▶ **Data under study**:

◇ ◇ ◇ ◇ ◇

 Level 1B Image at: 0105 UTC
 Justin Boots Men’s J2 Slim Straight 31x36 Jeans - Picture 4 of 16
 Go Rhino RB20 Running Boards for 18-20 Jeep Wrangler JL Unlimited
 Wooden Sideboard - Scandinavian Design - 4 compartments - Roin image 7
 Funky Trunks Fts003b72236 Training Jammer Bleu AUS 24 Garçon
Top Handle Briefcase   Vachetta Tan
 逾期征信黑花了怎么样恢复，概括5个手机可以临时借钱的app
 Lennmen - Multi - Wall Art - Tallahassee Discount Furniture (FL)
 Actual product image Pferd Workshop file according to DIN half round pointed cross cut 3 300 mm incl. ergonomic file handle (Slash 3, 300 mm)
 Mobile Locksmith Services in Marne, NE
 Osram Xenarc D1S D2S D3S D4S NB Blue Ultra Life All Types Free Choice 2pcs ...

◇ ◇ ◇ ◇ ◇

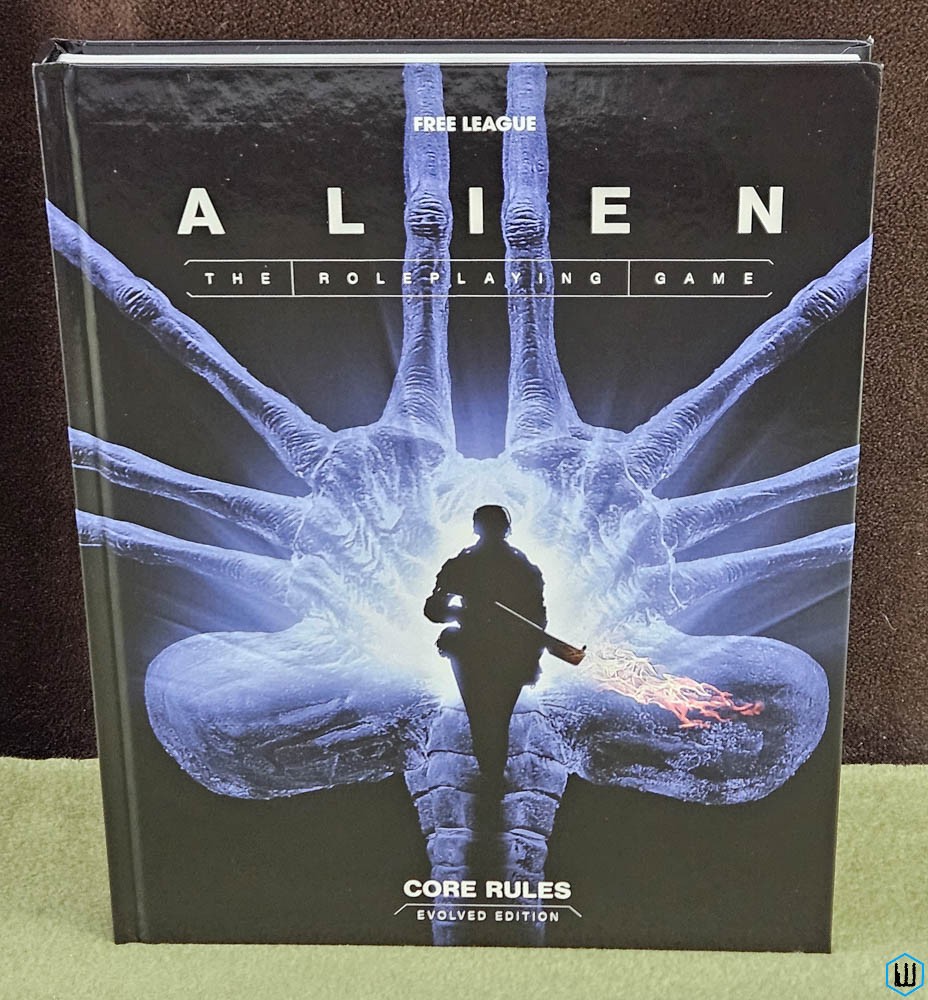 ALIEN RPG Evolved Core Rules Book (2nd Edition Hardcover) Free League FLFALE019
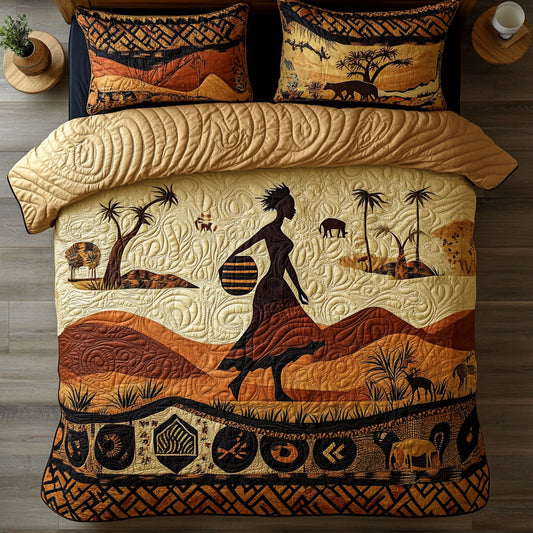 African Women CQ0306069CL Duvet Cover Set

◇ ◇ ◇ ◇ ◇

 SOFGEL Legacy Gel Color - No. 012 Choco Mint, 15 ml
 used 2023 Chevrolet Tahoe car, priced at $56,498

◇ ◇ ◇ ◇ ◇

▶ **What needs to be done**: Among the entries above, find the line with "Top Handle Briefcase" and the line with "Lennmen - Multi"; give again exactly these two lines and all lines between them.

▶ **Result for this exercise**:
Top Handle Briefcase   Vachetta Tan
 逾期征信黑花了怎么样恢复，概括5个手机可以临时借钱的app
 Lennmen - Multi - Wall Art - Tallahassee Discount Furniture (FL)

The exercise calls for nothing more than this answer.